68-year-old Liu Fanrong makes a hedgehog. (Ju Chuanjianig/For China Daily)
I was still a little boy when I left my hometown in Wendeng, a city on the Jiaodong peninsula in Shandong province. Although I have eaten many steamed buns and breads during the past few decades, I can't forget my memories of eating bobo, a traditional food for festivals in Wendeng.
Bobo are wheat buns that are about four times or even six times larger than usual steamed buns. Skilled housewives can make bobo in shape of different animals and figures, and ornament them with red jujubes and colorful flowers, which look like pieces of exquisite handicrafts.
In Wendeng, people like to steam bobo for Spring Festival and other celebrations like weddings and birthdays.
With the pace of urbanization in China continuing to accelerate, the number of people who can make the bobo gradually reduced. Now, it has become a rare food for city people.
During this year's Tomb-Sweeping Day holiday, I went to my hometown to interview several inheritors of the technique of making bobo in my hometown, bring back memories of my childhood.
I went to the bobo shop of Lin Rongtao. He and his mother, Liu Fanrong, were busy with making a bobo for customers to celebrate an older member's birthday in the family. The peach-shaped bobo, on the top of which the Chinese characters "fu" (happiness) and "shou" (longevity), were inscribed was surrounded by a dozen small other bobo.
"This craft has been handed down from generation to generation," the 68-year-old Liu Fanrong told me.
Liu used scissors to make the dough into an animal. Shortly, a bobo looked like a hedgehog, with two small black beans become its eyes. Then Liu made other shapes -- rabbits and birds.
In ancient times, bobo was used in religious worship. It is still popular in the rural areas of Weihai, Qingdao. It is full of distinctive local characteristics.
In 2009, the craftsmanship of flower bobo in Wendeng, were included in the Shandong provincial government's intangible cultural heritage list.

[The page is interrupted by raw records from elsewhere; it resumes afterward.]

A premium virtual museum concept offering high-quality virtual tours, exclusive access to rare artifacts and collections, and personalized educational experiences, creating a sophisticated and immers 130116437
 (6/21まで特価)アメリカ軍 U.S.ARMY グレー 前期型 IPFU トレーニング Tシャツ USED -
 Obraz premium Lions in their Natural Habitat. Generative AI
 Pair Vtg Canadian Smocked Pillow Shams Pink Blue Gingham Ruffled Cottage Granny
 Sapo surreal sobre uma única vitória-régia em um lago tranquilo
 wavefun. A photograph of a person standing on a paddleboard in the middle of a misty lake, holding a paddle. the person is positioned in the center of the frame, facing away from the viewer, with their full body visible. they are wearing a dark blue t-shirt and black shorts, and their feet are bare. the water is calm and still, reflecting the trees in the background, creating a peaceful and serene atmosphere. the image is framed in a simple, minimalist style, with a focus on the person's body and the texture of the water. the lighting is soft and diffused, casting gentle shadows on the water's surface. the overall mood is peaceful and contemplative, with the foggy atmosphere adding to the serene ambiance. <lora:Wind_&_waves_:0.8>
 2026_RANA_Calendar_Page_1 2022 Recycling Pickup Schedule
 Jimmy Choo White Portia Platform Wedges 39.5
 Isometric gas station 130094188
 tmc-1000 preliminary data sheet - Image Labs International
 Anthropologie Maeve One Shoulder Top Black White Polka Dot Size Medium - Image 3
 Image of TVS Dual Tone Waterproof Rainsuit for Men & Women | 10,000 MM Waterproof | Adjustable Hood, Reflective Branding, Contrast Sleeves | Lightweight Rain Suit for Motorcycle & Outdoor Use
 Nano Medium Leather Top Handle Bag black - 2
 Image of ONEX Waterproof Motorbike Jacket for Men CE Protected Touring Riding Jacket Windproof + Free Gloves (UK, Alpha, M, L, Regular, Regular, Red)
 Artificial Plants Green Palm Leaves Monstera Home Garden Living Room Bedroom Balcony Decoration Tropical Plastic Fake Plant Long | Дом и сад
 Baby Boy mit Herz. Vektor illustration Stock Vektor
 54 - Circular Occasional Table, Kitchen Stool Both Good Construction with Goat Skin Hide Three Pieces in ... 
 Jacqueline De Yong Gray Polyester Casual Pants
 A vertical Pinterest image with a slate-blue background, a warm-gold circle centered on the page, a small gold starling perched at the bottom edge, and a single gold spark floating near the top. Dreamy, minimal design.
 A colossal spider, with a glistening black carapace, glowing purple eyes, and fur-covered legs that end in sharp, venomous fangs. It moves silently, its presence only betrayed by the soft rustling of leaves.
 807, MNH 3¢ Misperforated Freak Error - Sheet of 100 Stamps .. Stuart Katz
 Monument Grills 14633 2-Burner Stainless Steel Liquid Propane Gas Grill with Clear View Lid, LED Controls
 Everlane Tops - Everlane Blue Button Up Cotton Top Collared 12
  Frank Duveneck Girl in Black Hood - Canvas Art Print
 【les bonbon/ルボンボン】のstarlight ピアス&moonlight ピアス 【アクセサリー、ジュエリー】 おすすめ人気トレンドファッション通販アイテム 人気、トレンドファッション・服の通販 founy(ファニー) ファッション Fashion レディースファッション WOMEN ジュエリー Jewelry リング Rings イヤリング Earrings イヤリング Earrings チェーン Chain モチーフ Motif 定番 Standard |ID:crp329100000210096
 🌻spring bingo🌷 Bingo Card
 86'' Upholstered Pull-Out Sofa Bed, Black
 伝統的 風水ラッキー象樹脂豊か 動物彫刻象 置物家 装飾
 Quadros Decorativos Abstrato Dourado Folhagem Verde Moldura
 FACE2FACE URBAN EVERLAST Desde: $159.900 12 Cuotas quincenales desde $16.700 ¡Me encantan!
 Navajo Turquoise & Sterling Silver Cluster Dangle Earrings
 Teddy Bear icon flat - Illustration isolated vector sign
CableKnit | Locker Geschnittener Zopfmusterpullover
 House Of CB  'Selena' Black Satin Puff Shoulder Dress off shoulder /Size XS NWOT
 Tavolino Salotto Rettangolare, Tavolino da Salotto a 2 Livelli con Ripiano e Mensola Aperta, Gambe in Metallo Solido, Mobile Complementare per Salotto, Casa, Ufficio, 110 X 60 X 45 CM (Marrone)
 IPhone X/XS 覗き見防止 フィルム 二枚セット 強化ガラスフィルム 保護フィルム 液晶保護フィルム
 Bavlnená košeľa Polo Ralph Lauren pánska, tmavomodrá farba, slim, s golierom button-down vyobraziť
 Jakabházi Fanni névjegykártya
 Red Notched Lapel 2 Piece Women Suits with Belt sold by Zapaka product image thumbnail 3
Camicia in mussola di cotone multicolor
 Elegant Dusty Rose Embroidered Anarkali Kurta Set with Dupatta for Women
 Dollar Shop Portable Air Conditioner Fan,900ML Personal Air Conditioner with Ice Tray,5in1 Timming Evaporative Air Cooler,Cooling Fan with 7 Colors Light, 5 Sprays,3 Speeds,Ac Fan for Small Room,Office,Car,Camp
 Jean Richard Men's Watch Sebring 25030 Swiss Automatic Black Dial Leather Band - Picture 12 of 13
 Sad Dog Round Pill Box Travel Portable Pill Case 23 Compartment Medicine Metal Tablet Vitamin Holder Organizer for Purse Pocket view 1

Every year, Wendeng holds a competition to provide a chance for bobo makers to display their unique skills.
Liu Fanrong says: "Every household here will steam bobo during the Spring Festival to usher in good luck for the next year."
"Mothers will steam bobo in shape of children's zodiac signs to celebrate kids' birthdays. In this way, she hopes the children will be healthy and clever."
Lin Rongtao, 46,started to study the craft from his mother when he was 10 year old. In 2010, Lin was awarded "inheritor of Jiaodong flower dough modeling craft" by the Shandong culture department.
Sun Yishu, 40, opened a flower bobo shop in Wendeng in 2000. The shop is not very big, but it has a good reputation. Now, she has opened two such shops and sells more than 1,000 boxes of bobo during Spring Festival.
"My bobo is good-looking and delicious. Lots of South Korean people like it," Sun says excitedly. Many South Korean bosses who open factories here buy my flower bobo to take home."